Première conclusion : elles ont toutes globalement surperformées, puisque le rendement moyen obtenu a été de 8,2% par an entre 1980 et 2010.
Deuxième conclusion : la performance s’accroît avec la taille puisqu’elle passe de 6,2 % pour les plus petites à 10,2% pour, Harvard (30 Milliards $ de capital géré), Yale (20 Milliards $) et Princeton (plus de 15 Milliards $), et cette croissance est systématique.
Un écart de 1% peut sembler modeste, mais comme il est renouvelé chaque année, il conduit à un écart de 22% en 20 ans, et 64% en 50 ans. L’écart annuel de 4% entre les deux extrêmes revient à multiplier par plus de 2 en 20 ans, et plus de 7 en 50 ans.

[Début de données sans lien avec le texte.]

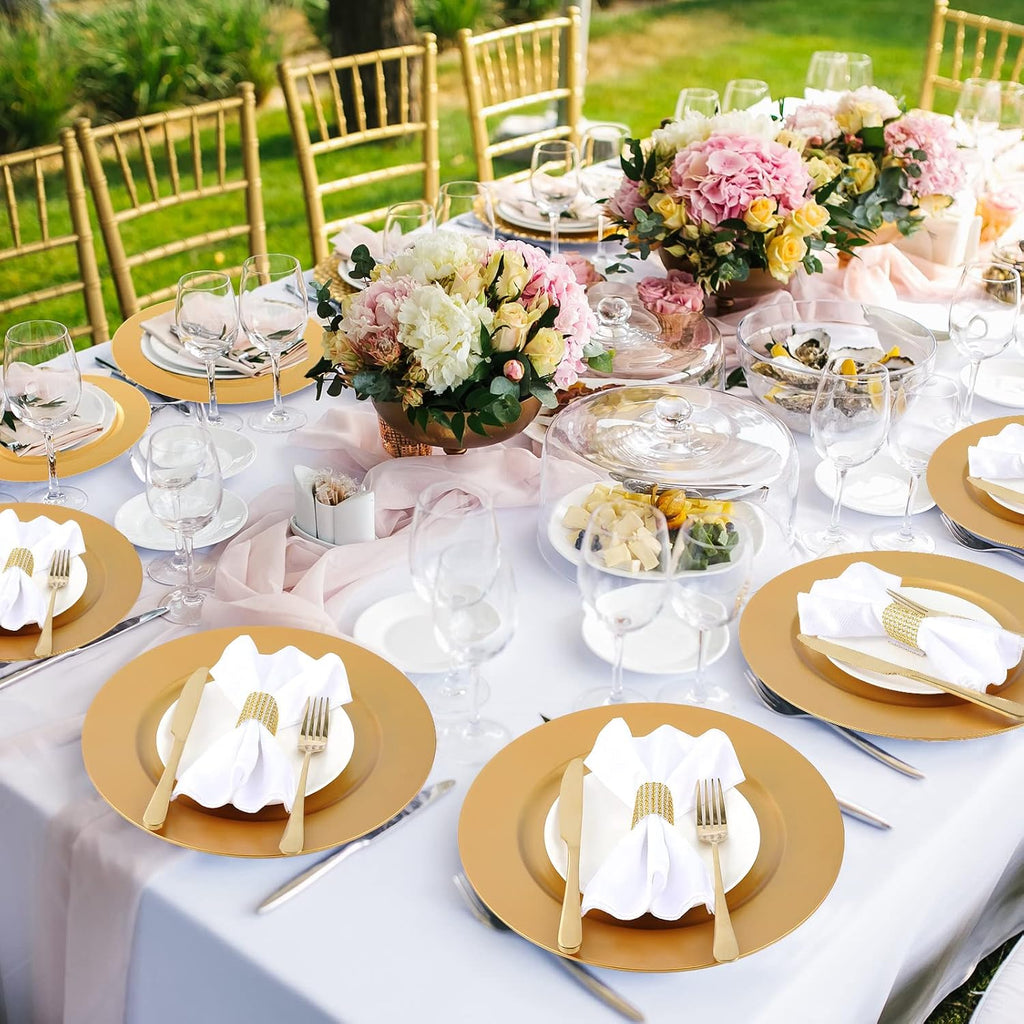 Gold table-setting charger plate set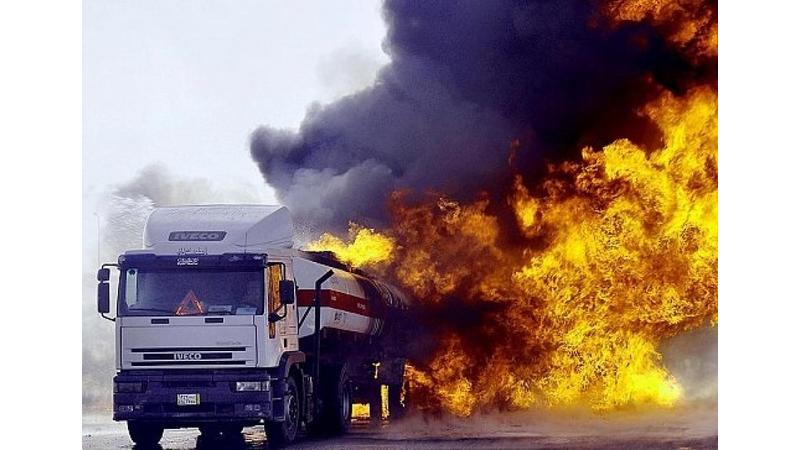 اشتعال صهريج نفط على الطريق الخلفي في العقبة .. فيديو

D’où vient cette divergence croissante ? D’abord, de l’effet de taille qui permet d’une part de mieux amortir les frais de gestion ;
Mais surtout selon Piketty, les très grandes fortunes bénéficient des meilleurs conseils et accèdent aux meilleurs placements. Ainsi plus le capital géré par l’Université est important, plus sa stratégie de placement est diversifiée, et plus elle a accès à des placements à très haut rendement tels que les actions non cotées (private equity), fonds spéculatifs (hedge funds), produits dérivés… : « On constate qu’ils (les placements alternatifs) représentent à peine plus de 10 % des portefeuilles pour les dotations inférieures à 50 millions d’euros, puis atteignent rapidement 25 % entre 50 et 100 millions d’euros, 35 % entre 100 et 500 millions d’euros, 45 % entre 500 millions et 1 milliard, pour finalement culminer à plus de 60 % des portefeuilles pour les dotations supérieures à 1 milliard d’euros. »
Tel est pour Piketty un des risques majeurs : voir les plus grandes fortunes progresser quasiment inexorablement à cause de cet accès réservé aux meilleurs produits financiers.
« Si l’on ajoute à cela l’inégalité du rendement du capital suivant la taille du capital initial, que la complexité croissante des marchés financiers globalisés peut avoir tendance à renforcer, on voit que tous les ingrédients sont réunis pour que la part détenue par le centile et le millime supérieurs de la hiérarchie mondiale des patrimoines dans le capital de la planète atteigne des niveaux inconnus. Il est certes difficile de dire à quel rythme se fera cette divergence. »
Dernière remarque tirée de son livre avant de conclure : la somme des actifs nets détenus par les ménages européens représentent 70 000 milliards €, soit plus de 20 fois la somme de tous les fonds souverains chinois et des réserves de la Banque de Chine. Donc pas d’inquiétude à avoir : nous ne sommes pas prêts d’être détenus par la Chine. Donc selon lui, le seul vrai risque est bien la divergence oligarchique.